For this task the 20 newsgroups text dataset is used. [LINK](https://scikit-learn.org/0.19/datasets/twenty_newsgroups.html)

In [1]:
from sklearn.datasets import fetch_20newsgroups
import numpy as np

import nltk, string, re
nltk.download('stopwords')
nltk.download('punkt')
from nltk.corpus import stopwords
from nltk.tokenize import word_tokenize

from torchtext.data.utils import get_tokenizer
from collections import Counter
from torchtext.vocab import Vocab
import torch
from torch import nn
from torch.utils.data import DataLoader, TensorDataset

device = torch.device('cuda' if torch.cuda.is_available() else 'cpu')
print(f"Available device : {device}")

[nltk_data] Downloading package stopwords to /root/nltk_data...
[nltk_data]   Package stopwords is already up-to-date!
[nltk_data] Downloading package punkt to /root/nltk_data...
[nltk_data]   Package punkt is already up-to-date!
Available device : cuda


## Task 1: Preprocessing of Dataset (5 points)



1.  Loading and cleaning of Text data:
    * Choose 4 categories from the dataset  
    * Implement a method `clean_text` which will take text then make text lowercase, remove punctuation, whitespaces and stopwords
    * Plot the distribution of classes/categories

In [2]:
categories = ['alt.atheism', 'comp.graphics', 'rec.autos', 'sci.space'] #TODO: Choose 4 categories from the dataset
newsgroups_train = fetch_20newsgroups(subset='train', categories=categories, remove=('headers', 'footers', 'quotes'))
newsgroups_valid = fetch_20newsgroups(subset='test', categories=categories, remove=('headers', 'footers', 'quotes'))


In [3]:
def clean_text(text):
    """ Function to perform common NLP pre-processing tasks. """
    # make lowercase
    text = text.lower()
    # remove punctuation
    text = word_tokenize(text)
    # remove numbers
    text = [re.sub(r"\d*", "", w) for w in text]
    # remove whitespaces
    text = [re.sub(r" *", "", w) for w in text]
    # remove stopwords
    stop_words = set(stopwords.words("english"))
    text = [w for w in text if w not in stop_words]
    # remove short words
    text = [w for w in text if len(w) > 3]
    return " ".join(text)

In [4]:
train_sentences = []
validation_sentences = []

train_labels = []
validation_labels = []


# Clean training sentences
for id in range(len(newsgroups_train.data)):
    text = clean_text(newsgroups_train.data[id])
    label = newsgroups_train.target[id]
    if text:
        train_sentences.append(text)
        train_labels.append(label)

# Clean validation sentences
for id in range(len(newsgroups_valid.data)):
    text = clean_text(newsgroups_valid.data[id])
    label = newsgroups_valid.target[id]
    if text:
        validation_sentences.append(text)
        validation_labels.append(label)

## Create vocabulary

In [5]:
# Create tokenizer
en_tokenizer = get_tokenizer('spacy', language='en')

# Create vocabulary
def build_vocab(sentences, tokenizer):
    counter = Counter()
    for sentence in sentences:
        counter.update(tokenizer(sentence))
    return Vocab(counter, specials=['<unk>', '<pad>'])

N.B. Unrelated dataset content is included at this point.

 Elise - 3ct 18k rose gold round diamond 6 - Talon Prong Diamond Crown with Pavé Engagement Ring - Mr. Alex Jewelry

vocabulary = build_vocab(train_sentences, en_tokenizer)

In [6]:
VOCAB_SIZE = len(vocabulary) + 2

## Add padding 

In [7]:
max_len = 128

# Add Padding 
def create_dataset(sentences, labels, en_tokenizer, vocab, max_len=128):
    res = []
    for sentence in sentences:
        sentence_tokens = [vocab[token] for token in en_tokenizer(sentence)]
        if len(sentence_tokens) <= max_len:
            sentence_tokens = sentence_tokens + [vocab['<pad>']]*(max_len-len(sentence_tokens))
        else:
            sentence_tokens = sentence_tokens[:max_len]
        sentence_tensor = torch.tensor(sentence_tokens,dtype=torch.long)
        res.append(sentence_tensor)
        
    return TensorDataset(torch.stack(res),torch.from_numpy(np.array(labels)))

BATCH_SIZE = 128
PAD_IDX = vocabulary['<pad>']

train_dataset = create_dataset(train_sentences,train_labels, en_tokenizer, vocabulary)
validation_dataset = create_dataset(validation_sentences, validation_labels, en_tokenizer, vocabulary)

In [None]:
train_loader = DataLoader(train_dataset, batch_size=BATCH_SIZE, shuffle=True)
validation_loader = DataLoader(validation_dattrain_dsaset, batch_size=BATCH_SIZE, shuffle=True)

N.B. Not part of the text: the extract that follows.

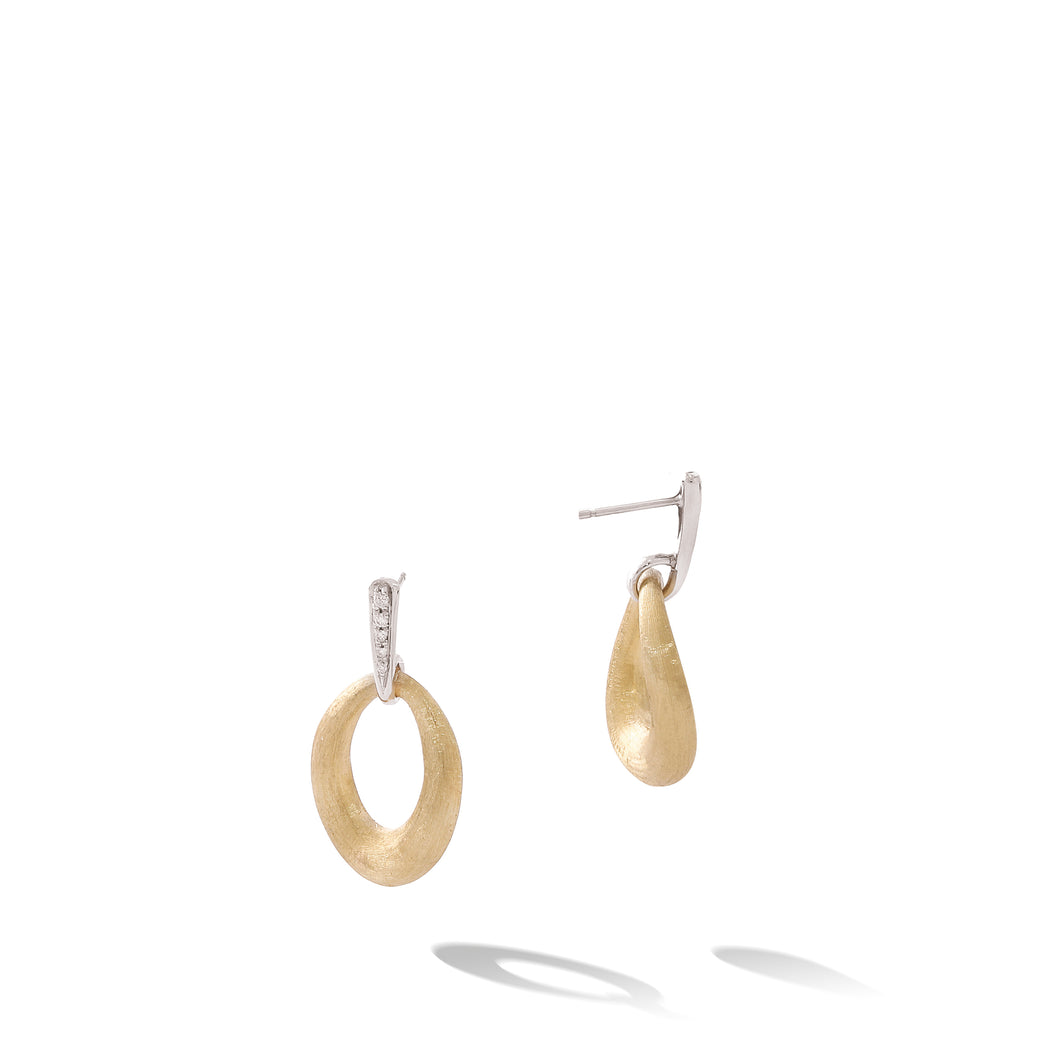 Lucia Collection 18K Yellow Gold and Diamond Loop Earrings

## Task 2: Conditional Generative adversarial network definition (5 points)

1.  Models Definition:
    * Define the Generator & Discriminator network (Achitecture of your choice) 

In [14]:
# TODO: Implement the Generator & Discriminator class
class Generator(nn.Module):
    # initializersremove whitespaces
    def __init__(self, emb_dim, hidden_dim): # noise_dim = emb_dim
        super(Generator, self).__init__()
        self.embeddings = nn.Embedding(VOCAB_SIZE, emb_dim, padding_idx=PAD_IDX)
        self.lstm = nn.LSTM(emb_dim, hidden_dim, batch_first=True)
        self.lstm2out = nn.Linear(hidden_dim, VOCAB_SIZE)
        self.softmax = nn.LogSoftmax(dim=-1)
        self.cond_emb = nn.Embedding(4, emb_dim)

    # forward method. Condition is should be incorporated to the model input 
    def forward(self, x, c, hidden, need_hidden=False):
        emb = self.emb(x)  # batch_size * len * emb_dim
        c = self.cond_emb(c).reshape((c.shape[0], 1, -1))
        emb = torch.cat([c, emb], 1)
        if len(x.size()) == 1:
            emb = emb.unsqueeze(1)  # batch_size * 1 * emb_dim

        out, hidden = self.lstm(out, hidden)  # out: batch_size * seq_len * hidden_dim
        out = out.contiguous().view(-1, self.hidden_dim)  # out: (batch_size * len) * hidden_dim
        out = self.lstm2out(out)  # (batch_size * seq_len) * vocab_size
        pred = self.softmax(out)
        
        if need_hidden:
            return pred, hidden
        else:
            return pred

    def sample(self, c, num_samples, batch_size):
        num_batch = num_samples // batch_size + 1 if num_samples != batch_size else 1
        samples = torch.zeros(num_batch * batch_size, max_len).long()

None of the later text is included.